El comisario Sforza colgó a su amigo y marcó el número del laboratorio de la Policía de Trieste.
—¿Mazzini? Soy el comisario Sforza. Me dice el jefe Gualtieri que tienes buenas noticias para mí.
—¡Hola, comisario! No sé si son buenas, pero son noticias —contestó el químico—. Si tiene tiempo, se lo explico —añadió.
—Por favor, soy todo oídos —respondió Sforza.
—Verá, hemos analizado un fragmento de pintura negra de alrededor de un centímetro que hemos encontrado en la parte frontal del volvo. El impacto del choque la fijó y, por suerte, ha resistido a la acción del agua del mar, donde, como sabemos por las diatomeas, no estuvo más que cuatro días. Fue poco tiempo, y por eso, como le decía, la pintura negra no ha sufrido alteración. La hemos analizado y hemos podido fijar su composición y, mirando en las tablas que nos facilitan los fabricantes, hemos establecido el año de fabricación del vehículo: salió de fábrica entre el 2000 y el 2003. El técnico en automóviles de mi equipo, tras analizar las características del impacto, ha llegado a la conclusión de que el coche que chocó con el volvo fue un Touareg, un modelo cuatro por cuatro de la marca Volkswagen. De este modelo hay varias decenas de miles circulando por toda Europa —concluyó Mazzini—. Con tiempo podríamos llegar hasta él… pero, como puede comprender, no es cosa de hoy para mañana, ni para pasado.
Sforza se quedó pensando, y, de repente, tuvo una corazonada. Dio las gracias a Mazzini y colgó el teléfono. Después, decidió llamar a su amigo Philippe de Vaucluse, el director de Interpol. Le encontró en su despacho de Lyon.
—¡Marco! ¿Qué se te ofrece?
—Hola, Philippe, perdona que te moleste otra vez; la verdad es que estoy un poco atacado. ¿Podrías averiguar cuántos coches modelo Touareg, un cuatro por cuatro de Volkswagen, fueron matriculados entre 2000 y 2003 en Dubrovnik?
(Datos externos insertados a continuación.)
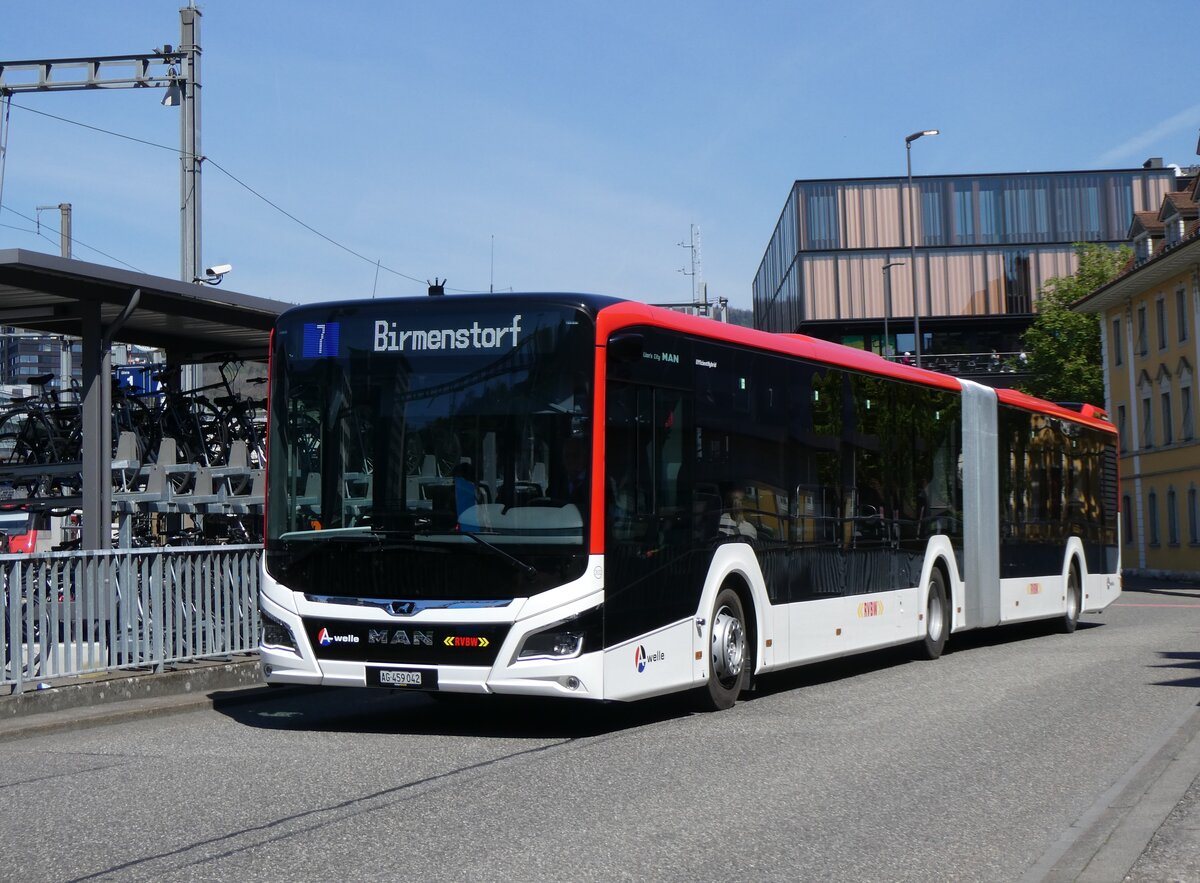 (261'167) - Twerenbold, Baden - Nr. 302/AG 549'042 - MAN am 12. April 2024 beim Bahnhof Baden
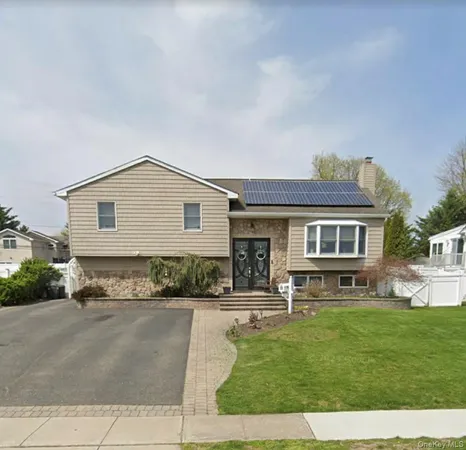 a view of house with a yard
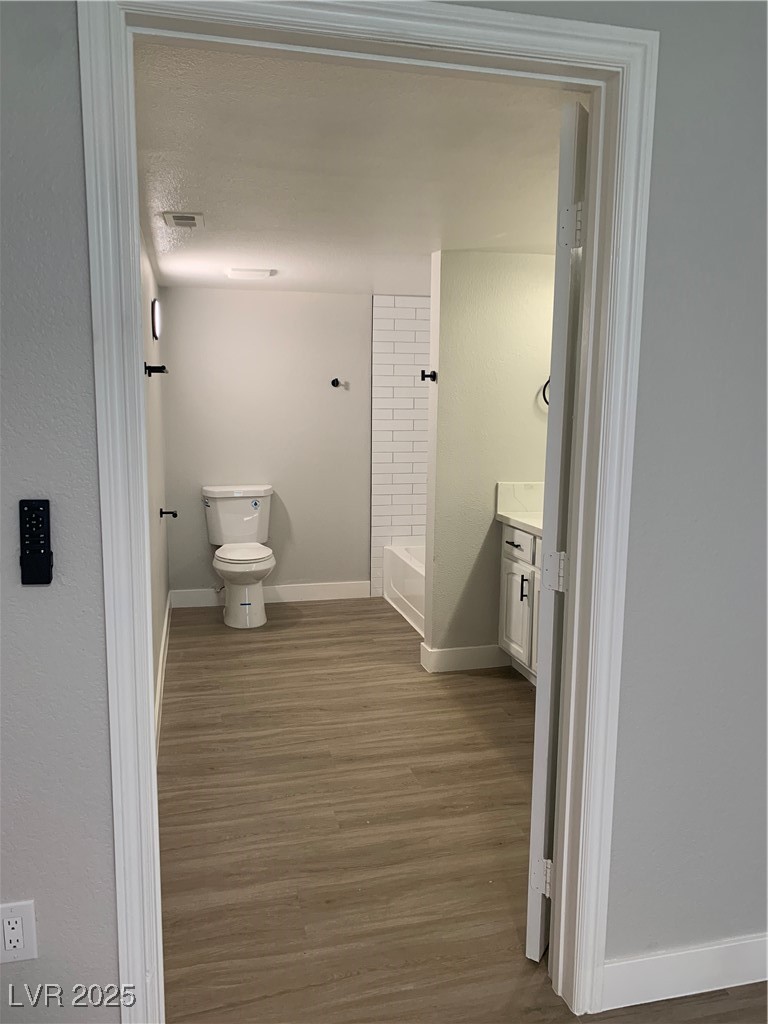 8101 West Flamingo Road, Unit 1102 Las Vegas, NV 89147 - Photo 52 of 54 Full bath with vanity and wood finished floors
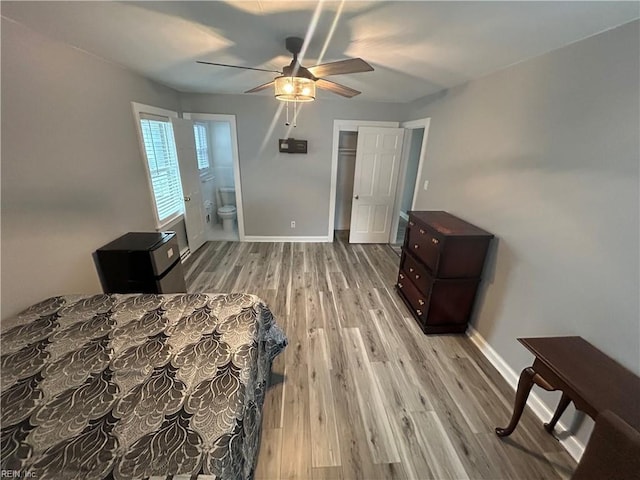 bedroom featuring ceiling fan, a closet, connected bathroom, and light hardwood / wood-style flooring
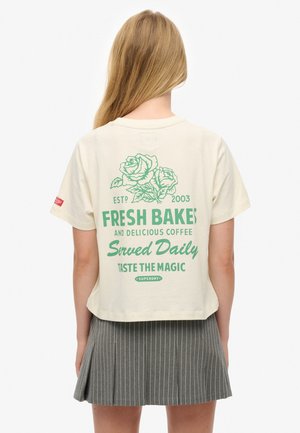Cream cotton crop t-shirt with green graphic design featuring roses and text. Short sleeves and a round neckline, styled with a grey striped skirt.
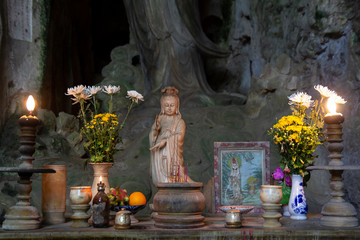 statue on oriental altar in Vietnam
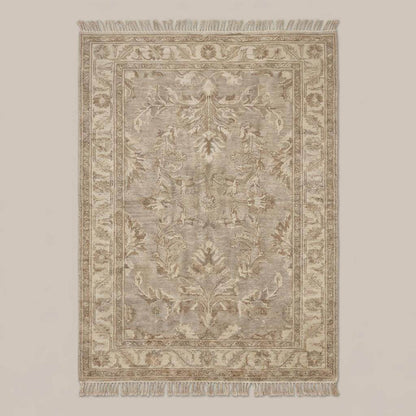 Neutral vintage Persian inspired area rug with decorative border and fringe styled on wooden floor beside chair and pottery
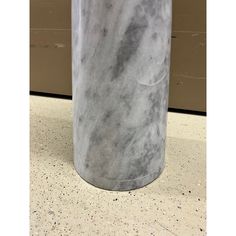 a large gray marble trash can sitting on top of a cement floor next to a door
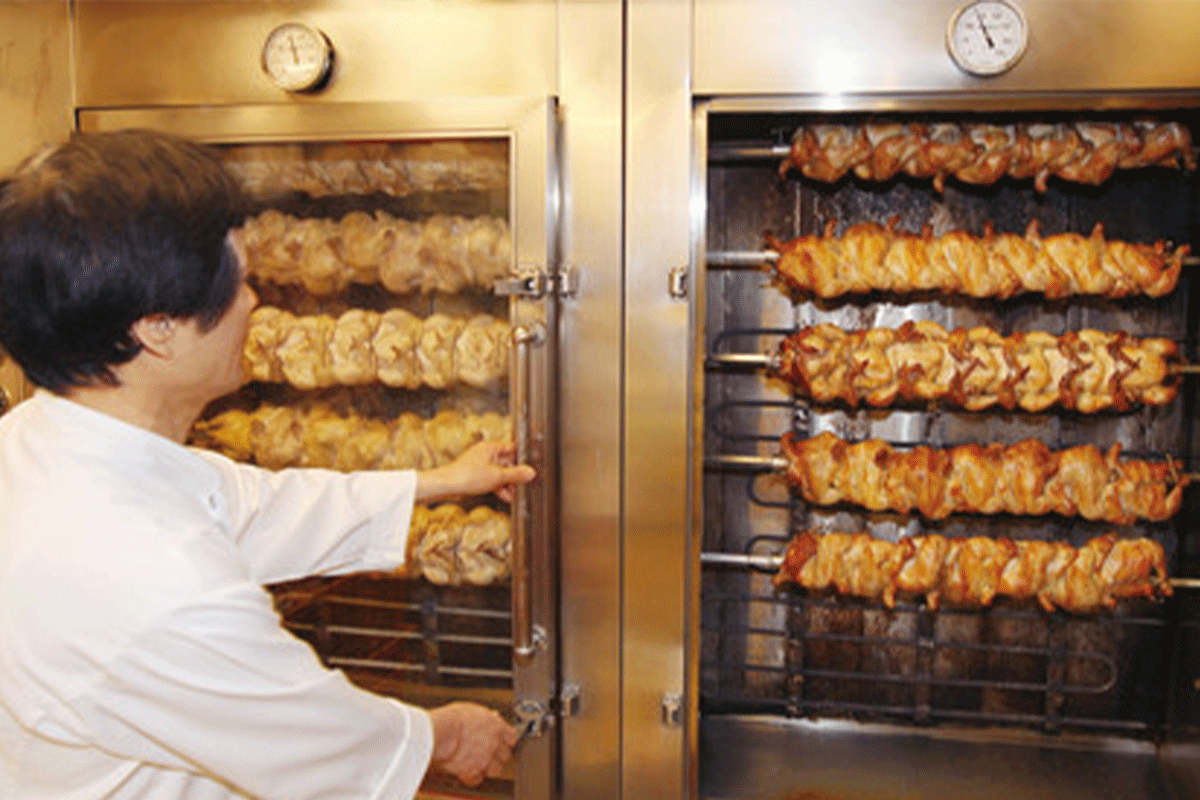 The History Of Korean Fried Chicken: chickens roasting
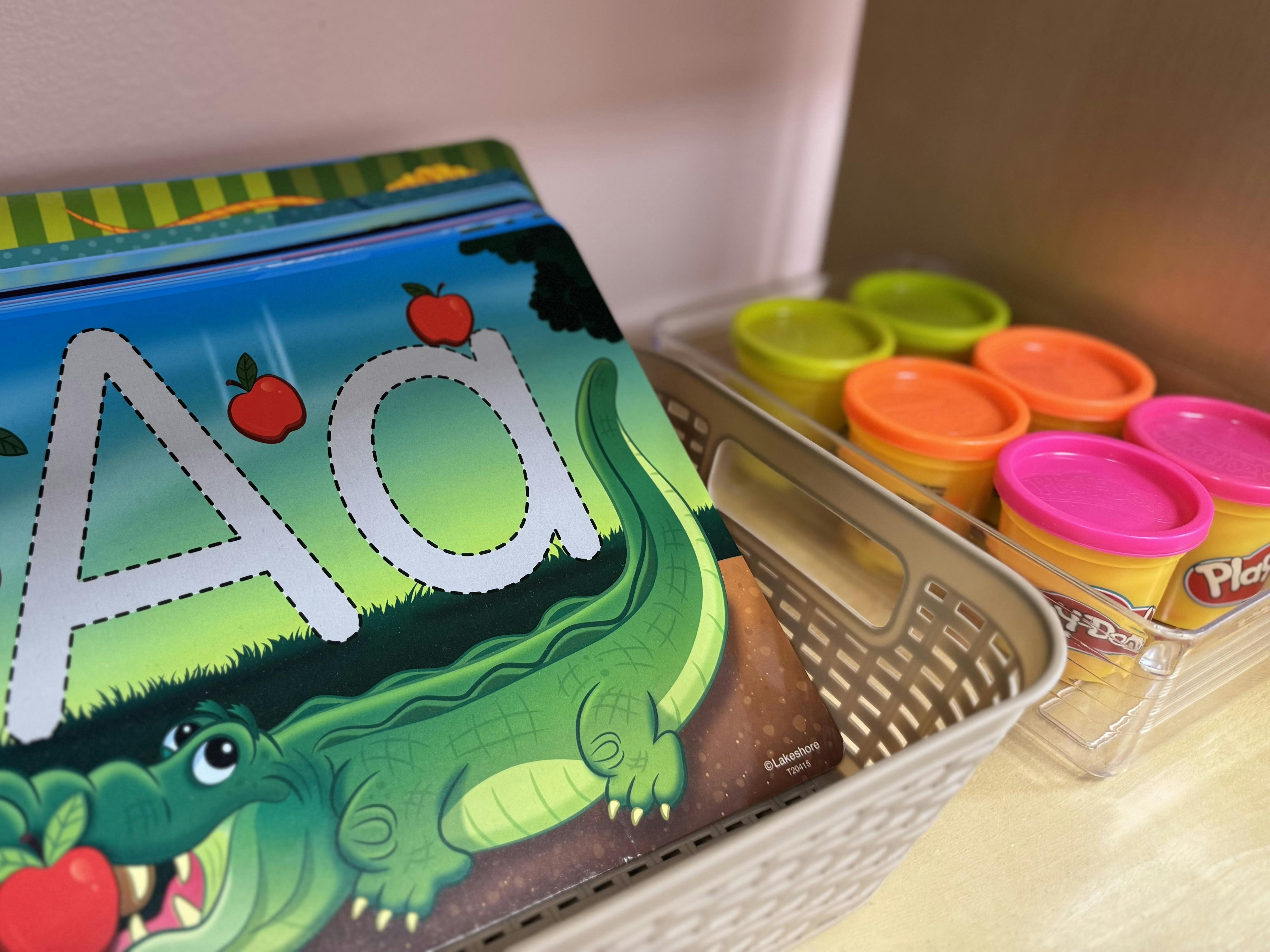 Children's book with alligator and letter A next to Play-Doh containers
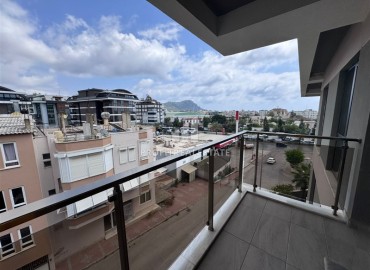 Стильная двухкомнатная квартира 56 м2, с мебелью, в 400 метрах от моря, в центре Аланьи ID-12042 фото-11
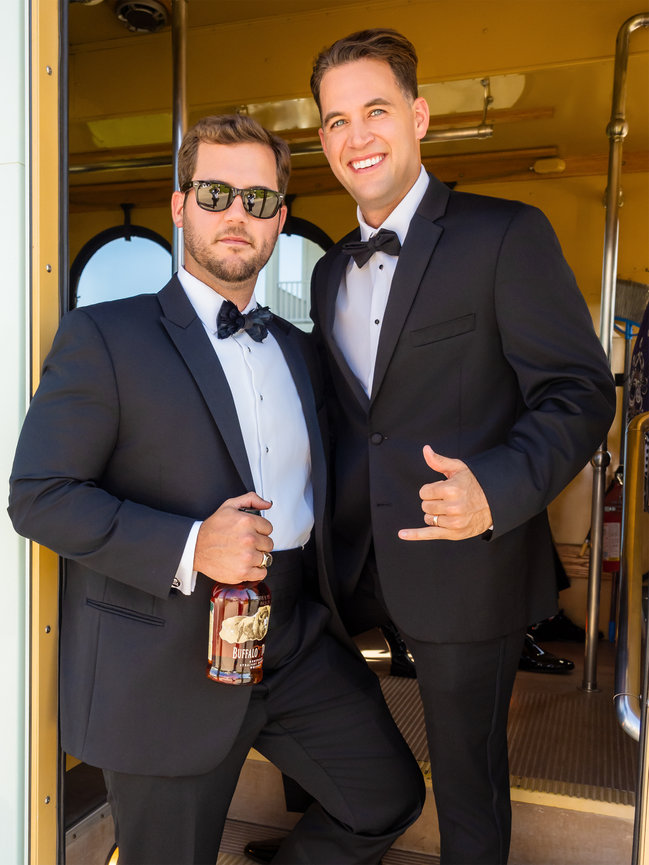 Groom poses with best man wearing tuxedos and holding a bottle of Buffalo Trace.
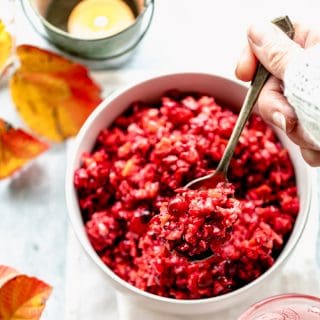 Cranberry Relish on a spoon in hand with white sweater
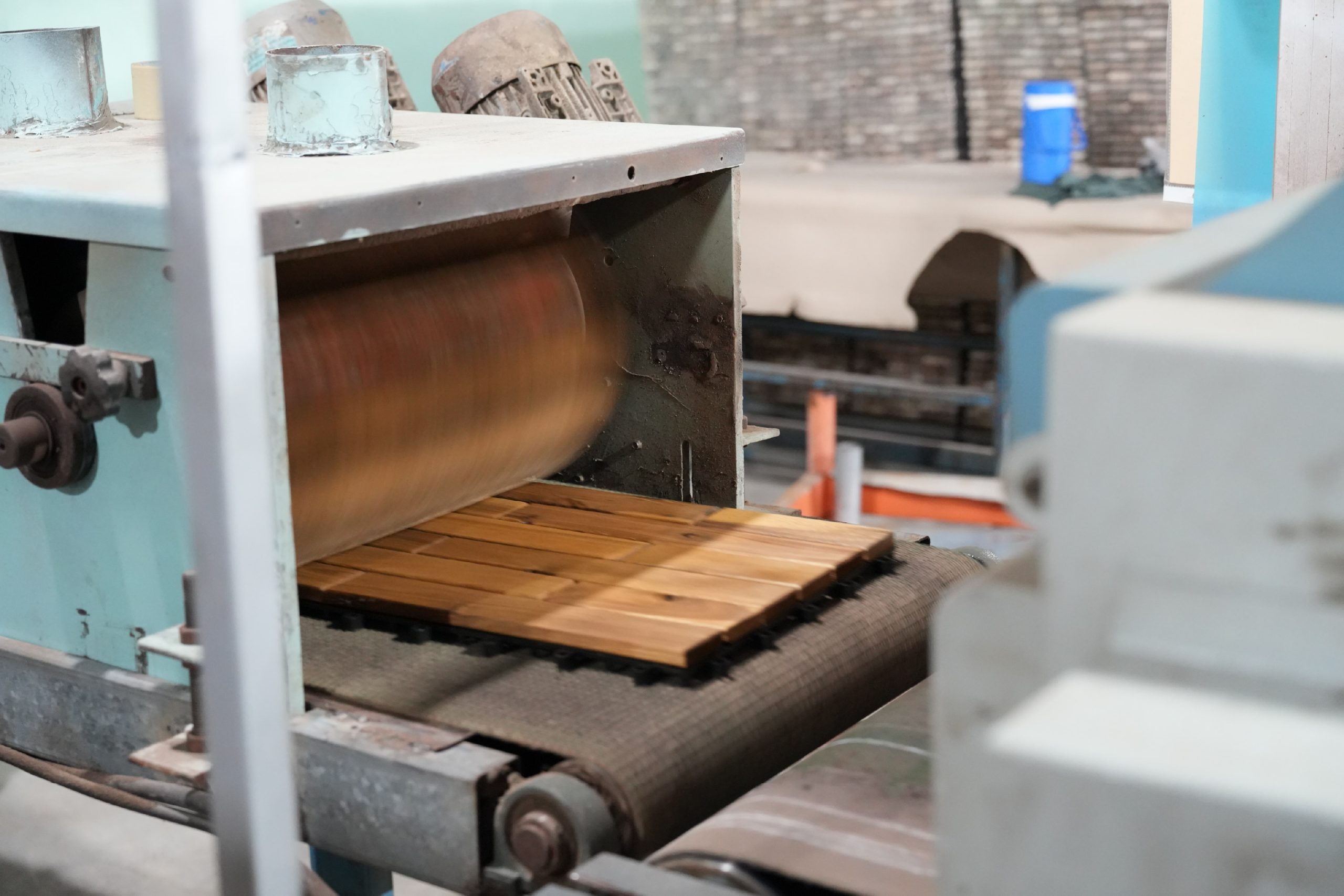 Wood deck tiles surface preparation at SSR Wood Factory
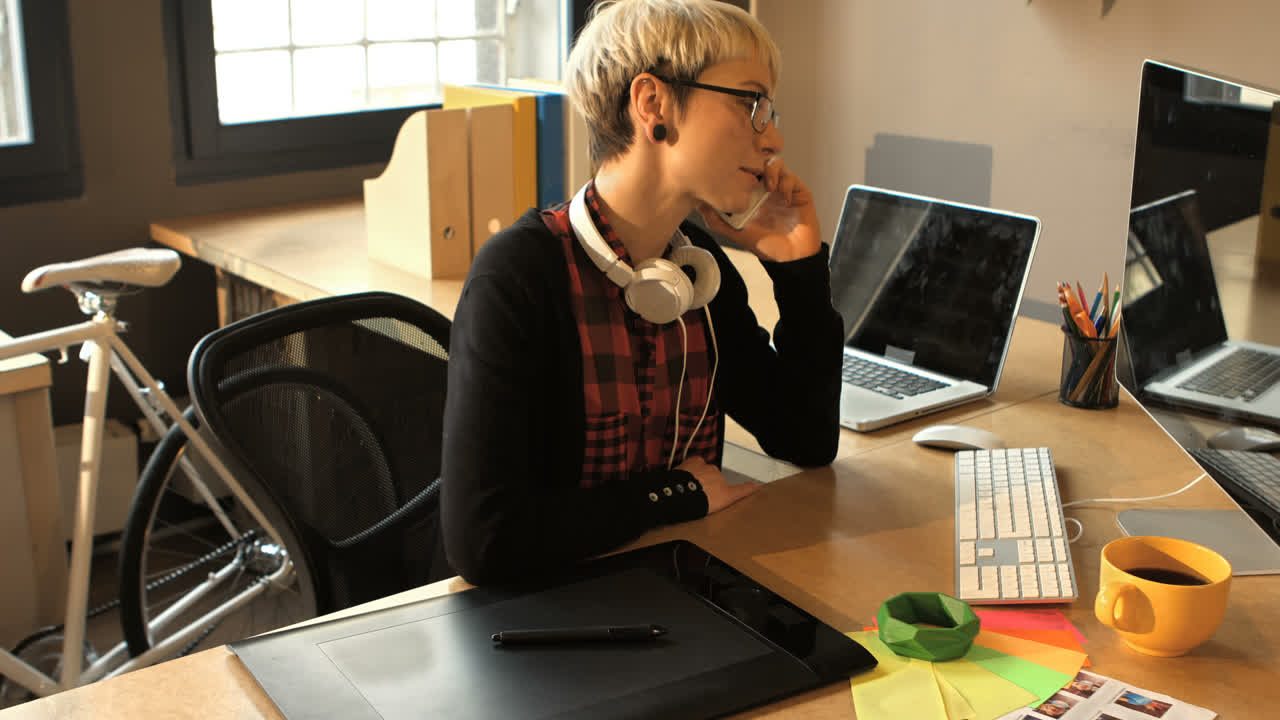 여성 그래픽 디자이너가 휴대전화로 이야기하고 있습니다.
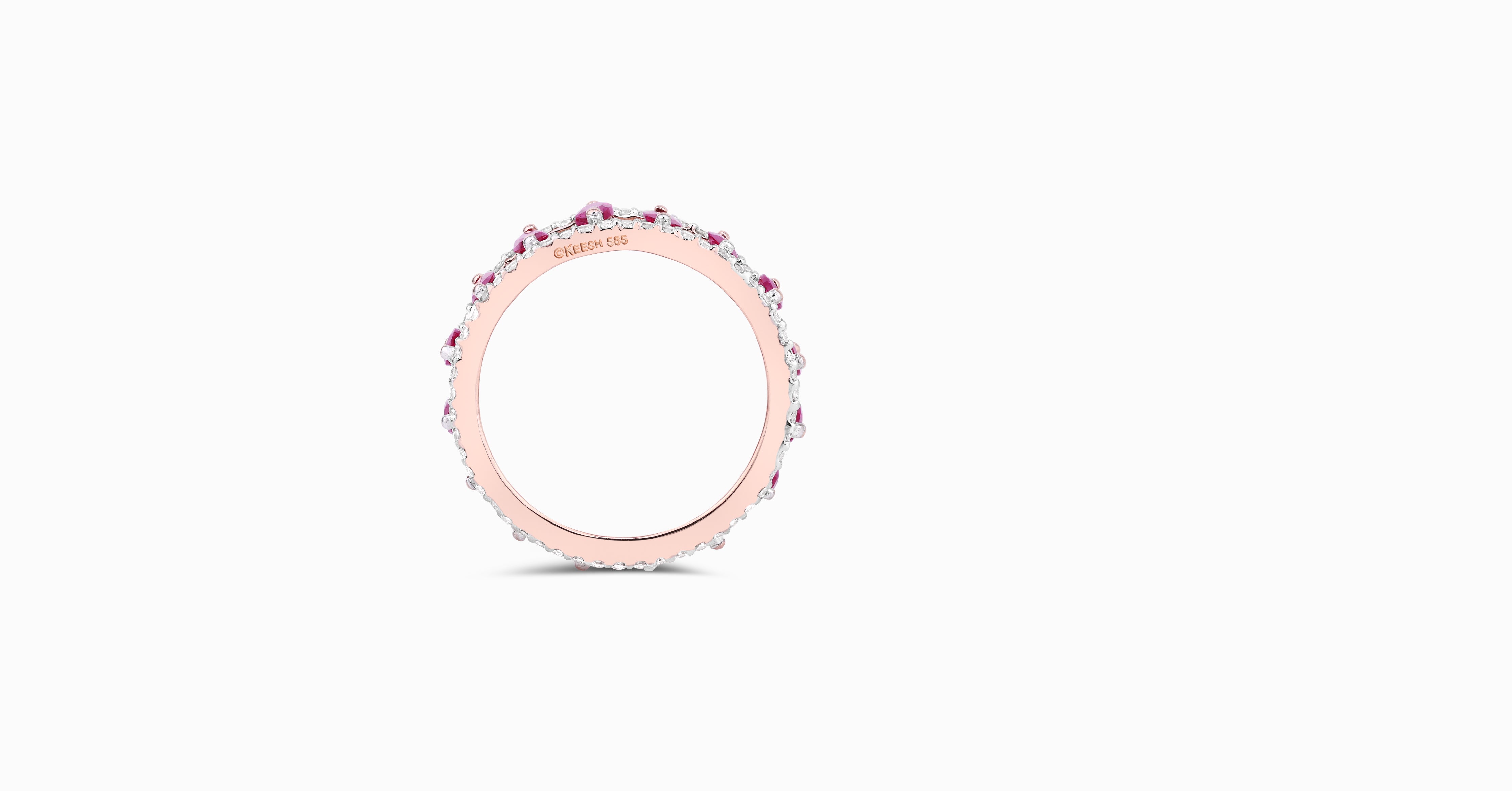 14kt rose gold ring with round-shaped diamonds and marquise-shaped ruby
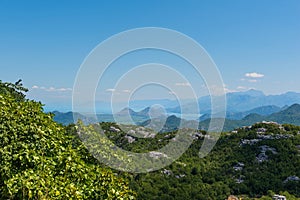 Panoramic view at Pavlova Strana on the river of Crnojevi?a flowing through green lands to Lake Skadar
Ya sabes que está en Croacia…
—Sí, hombre, sí, sé que está en Croacia —le contestó su amigo—. No te preocupes, esa información está a nuestro alcance. ¡Qué belleza Dubrovnik!, ¿verdad? —preguntó el francés.
—Sí, desde luego, así la recuerdo; estuve una vez, de paso; fue hace años, antes de la guerra entre Serbia y Croacia, luego leí que la habían bombardeado…
—Sí, la aviación serbia destruyó parte del casco antiguo y una bomba, que por cierto no explotó, cayó en la iglesia de un monasterio franciscano. Te la enseñan cuando visitas el claustro. Naturalmente, los frailes consideran que fue un milagro que la bomba no explotara.
—¡Eso, Philippe! Eso es lo que yo necesito: un milagro, luz en el túnel.
—Ten fe, amigo; ten fe en San Marcos y en la Interpol —contestó con socarronería Philippe de Vaucluse.